Freckenhorst besiegt Hoetmar mit 3:0
Bild: Havelt
Hoetmars Jaroslav Bodnar (l.) gegen Freckenhorsts  Mark Harbert.
Bild: Havelt

Allerdings begannen die Hoetmarer besser und hatten durch Sven Muckermann gleich zwei gute Führungschancen (4., 14.). Auf der Gegenseite köpfte Martin Mersmann eine Ecke von Marco Malcangi knapp über das Gehäuse (11.).

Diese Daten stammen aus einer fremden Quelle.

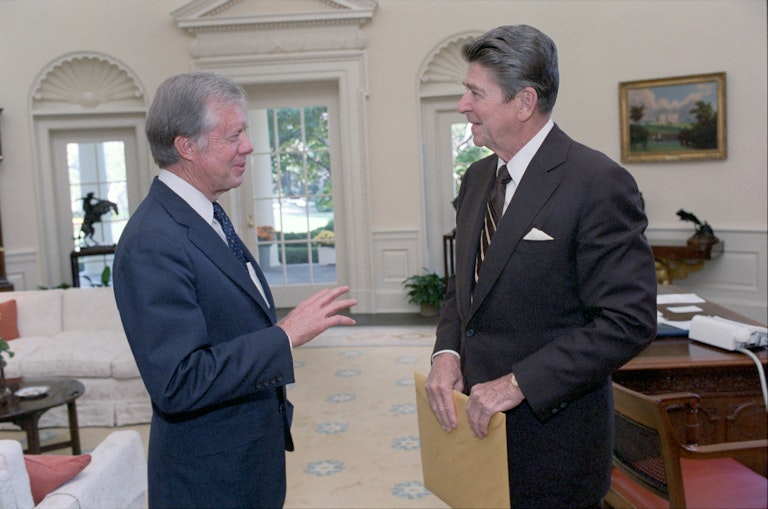 Presidents Jimmy Carter and Ronald Reagan in the Oval Office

Danach wurde es etwas ruhiger auf dem Platz, allerdings weiterhin mit Vorteilen für die Gäste. Erst Mitte der Halbzeit kam der TUS langsam besser ins Spiel. „Wir hätten in Führung gehen müssen und schenken Freckenhorst dann die Führung“, ärgerte sich SC-Trainer Rudi Dorgeist nach der Partie.

Was er meinte, geschah in der 32. Minute. Im eigenen Strafraum spielte Jonas Neite unbedrängt den Ball Richtung Keven Rose. Der Schlussmann nahm den Ball auf, es gab indirekten Freistoß aus neun Metern, den Pierre Jöcker klasse zum 1:0 genau im Toreck platzierte. Mit dem Vorsprung im Rücken kam der TUS besser ins Rollen. Bis zur Pause blieb es aber bei der knappen Führung.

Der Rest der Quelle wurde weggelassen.